Tower’s chainwide financial issues are common in the music industry right now, thanks to Internet file trading and a poor economy. But in Seattle, the company also has some uniquely local challenges. For years, Tower was the biggest and best record shop around, particularly the Lower Queen Anne store at 500 Mercer St. Its status as a Ticketmaster outlet made it that much more of a draw. Even without the post-Napster downloading boom, though, the quiet rise of local independent stores Easy Street and Sonic Boom, as well as the northern expansion of Portland’s Everyday Music, which took over the old Cellophane Square location at 112 Broadway Ave. E. last year, would likely have chinked the multinational’s armor.

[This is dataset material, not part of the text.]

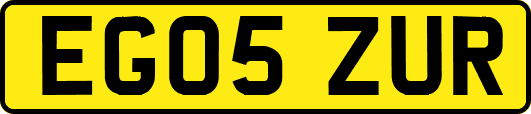 EG05ZUR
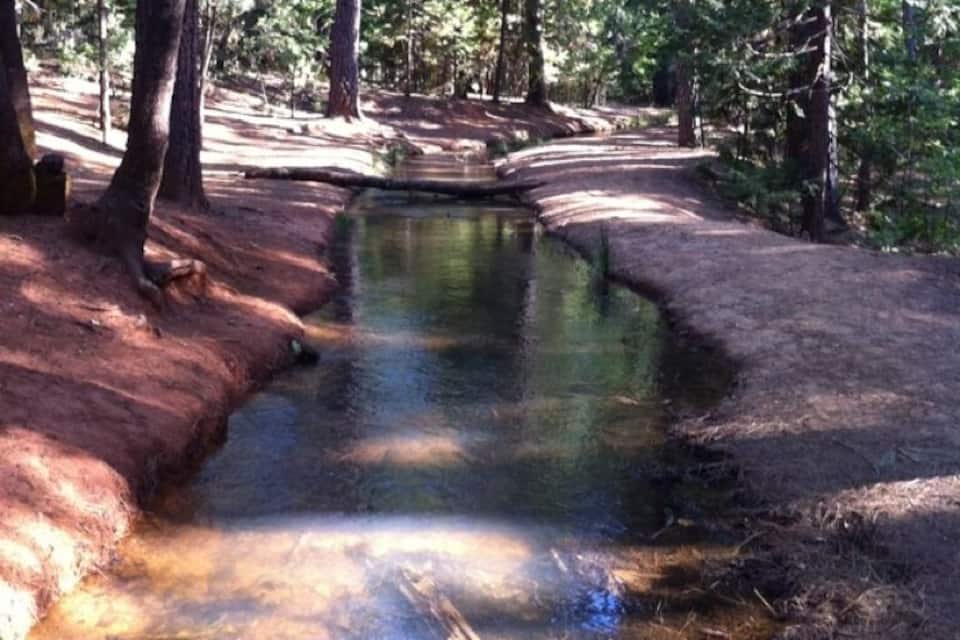 Zona boscosa con un pequeño arroyo y un sendero de tierra.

The most significant example is Easy Street, which expanded from a well-stocked West Seattle location to a second store on Lower Queen Anne—in the old Tower Books location, ironically enough, at West Mercer Street and Queen Anne Avenue North. Says Easy Street owner Matt Vaughan: “I felt that Seattle had deserved a strong independent presence ever since Peaches had gone by the wayside back in the early ’90s. There were many retailers, but most of them were highly specialized or community stores, like our West Seattle store.”

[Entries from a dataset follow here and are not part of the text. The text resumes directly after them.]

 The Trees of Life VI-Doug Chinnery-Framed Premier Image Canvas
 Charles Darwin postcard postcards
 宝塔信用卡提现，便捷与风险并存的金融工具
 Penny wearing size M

As pop music has become more and more niche-marketed, trend consciousness has become crucial to a retailer’s survival—especially in Seattle, a city deeply rooted in independent music as well as grassroots politics and business. “Independent retail can react to a trend that is happening in town immediately, if not help break certain acts and stimulate awareness of genres and scenes,” says Vaughan. Tower’s somewhat faceless public profile and high retail prices haven’t helped it.

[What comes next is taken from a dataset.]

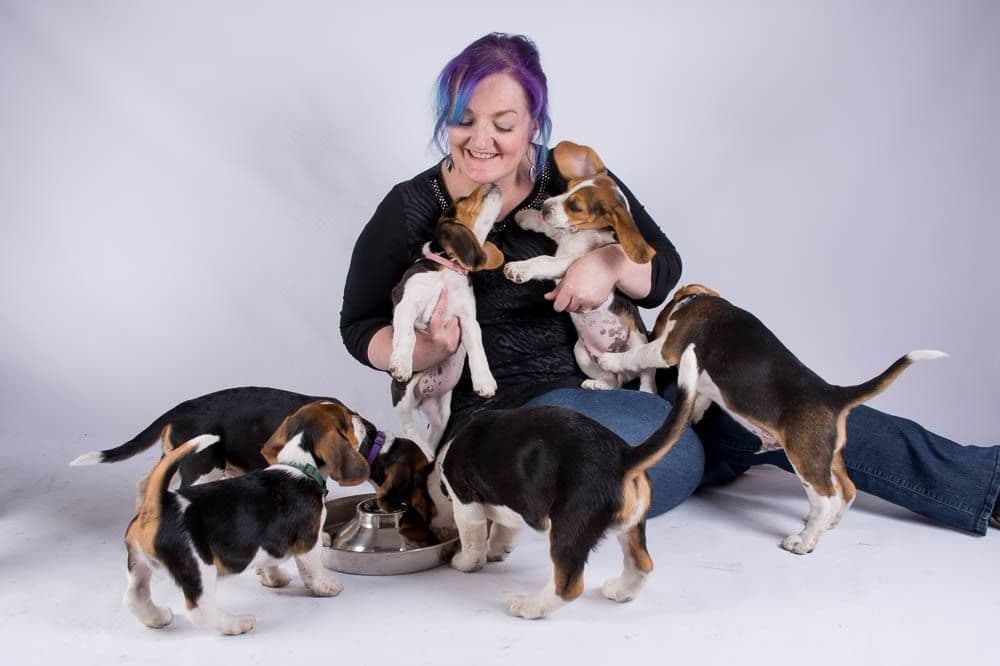Beagle Puppies breeder image 1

IF TOWER’S assurances to continue operating prove groundless and Seattle’s two locations close, the loss won’t just be felt by pop fans. “It will be a shame to lose such a premier classical selection,” says Easy Street’s Vaughan. “It’s one of the best classical selections in the Northwest, if not the West Coast. That buyer has been there for something close to 20 years.” And it won’t be felt just by consumers. “My biggest fear,” says Vaughan, “is that it may affect my industry’s infrastructure locally. I would hate to see any more jobs at labels and distributors lost because of a store of [Tower’s] size closing.”